Но Туллий уверяет, что побег всегда возможен, но это доказывает только то, что система несовершенна. Такая мысль может устроить варвара, но не его, римлянина, стремящегося к абсолюту. Он требует отдать ему выигранное снотворное. Публий просит рассказать, как ему удалось бежать из Башни, и Туллий открывает ему механизм побега и говорит, что идею подсказал как раз ему флакон со снотворными таблетками, имеющий, как и мусоропровод, цилиндрическую форму. Но Публий хочет бежать из тюрьмы не как места жизни, а как места смерти. Свобода ему нужна, потому что она «есть вариации на тему смерти». Но, по мысли Туллия, главный недостаток любого пространства, и в том числе этой камеры, заключается в том, что в нем существует место, в котором нас не станет, время же лишено недостатков, потому у него есть все, кроме места. И поэтому его не интересует ни где он умрет, ни когда это произойдет. Его интересует только, «сколько часов бодрствования представляет собой минимум, необходимый компьютеру для определения» состояния человека как бытия. То есть для определения, жив ли он. И сколько таблеток снотворного он «должен единовременно принять, дабы обеспечить этот минимум». Это максимальное бытие вне жизни, считает он, действительно поможет ему уподобиться Времени, «то есть его ритму». Публий недоумевает, зачем Туллию столько времени спать, если заключение их — пожизненное. Но Туллий отвечает, что «пожизненно переходит в посмертно. И если это так, то и посмертно переходит в пожизненно… То есть при жизни существует возможность узнать, как будет там… И римлянин такой шанс упускать не должен».
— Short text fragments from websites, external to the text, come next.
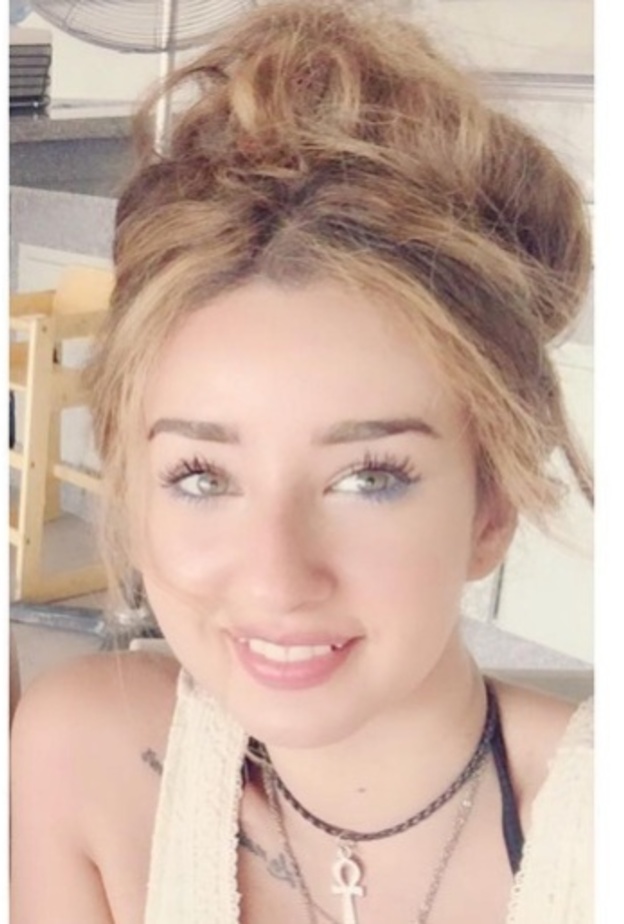 هنا الزاهد 1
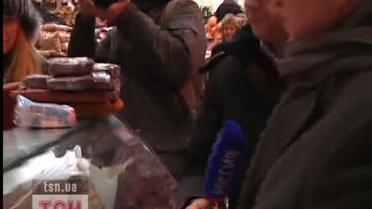 Жириновский на Бессарабке "затаривался" мясом и выпрашивал скидки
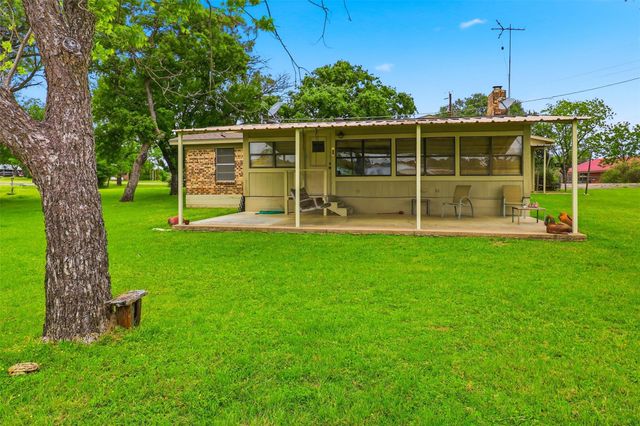 1412 Parkway ST, Tow, TX 78672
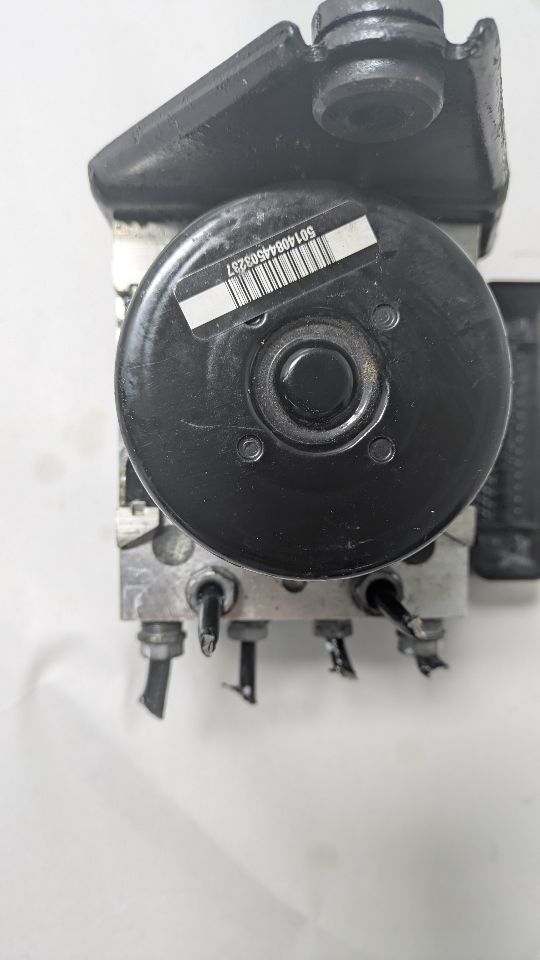 2013 VOLKSWAGEN JETTA 1.4L 4cyl Turbo Hybrid Anti-lock Brake Pts - 430263 — photo 2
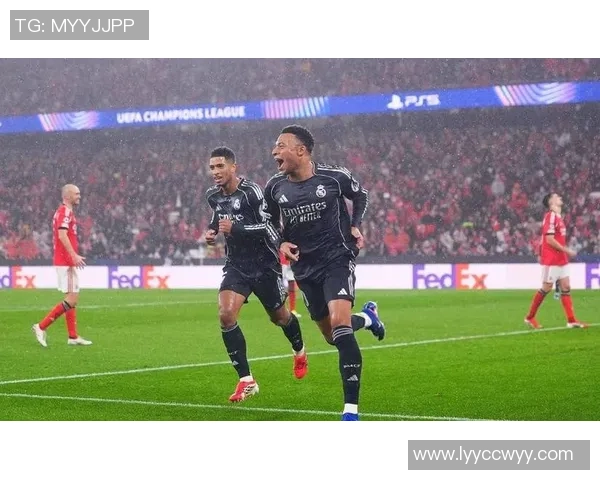 足总杯激战本菲卡与皇马互交白卷红牌争议引发全场热议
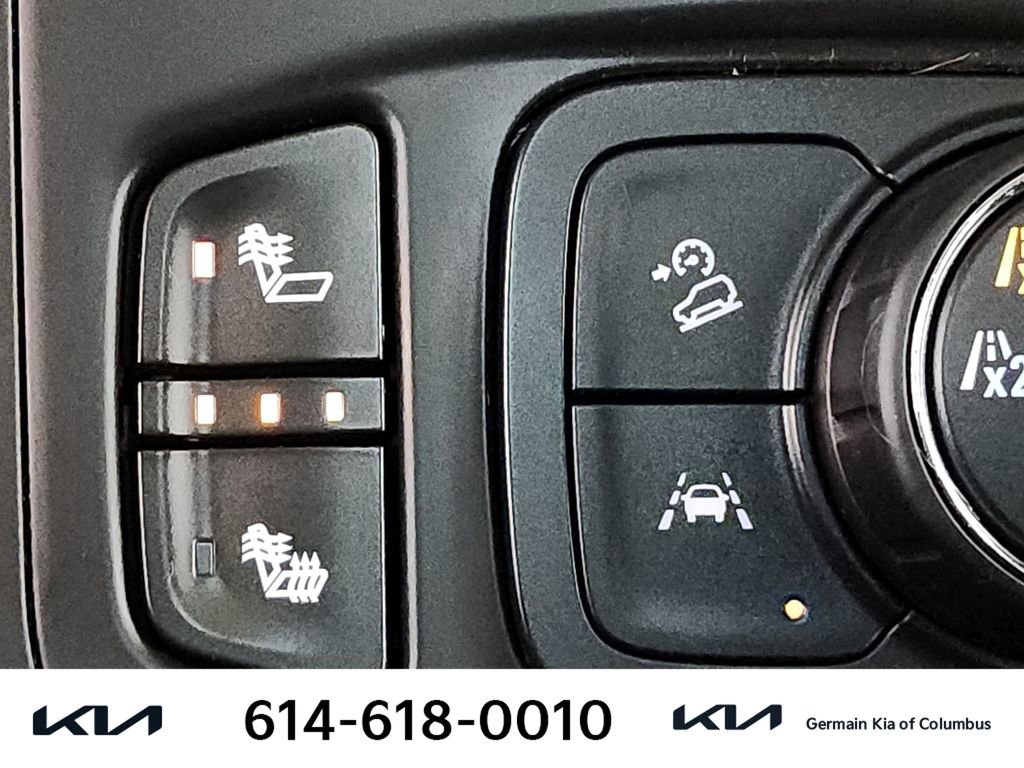 Used 2022 GMC Terrain SLT w/ Tech Package image 30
Туллий засыпает, а Публий пугается предстоящих семнадцати часов одиночества, но Туллий утешает его тем, что, проснувшись, расскажет, что видел… про Время… Он просит придвинуть к нему поближе бюсты Горация и Овидия и в ответ на упреки Публия, что мраморные классики ему дороже человека, замечает, что человек одинок, как «мысль, которая забывается».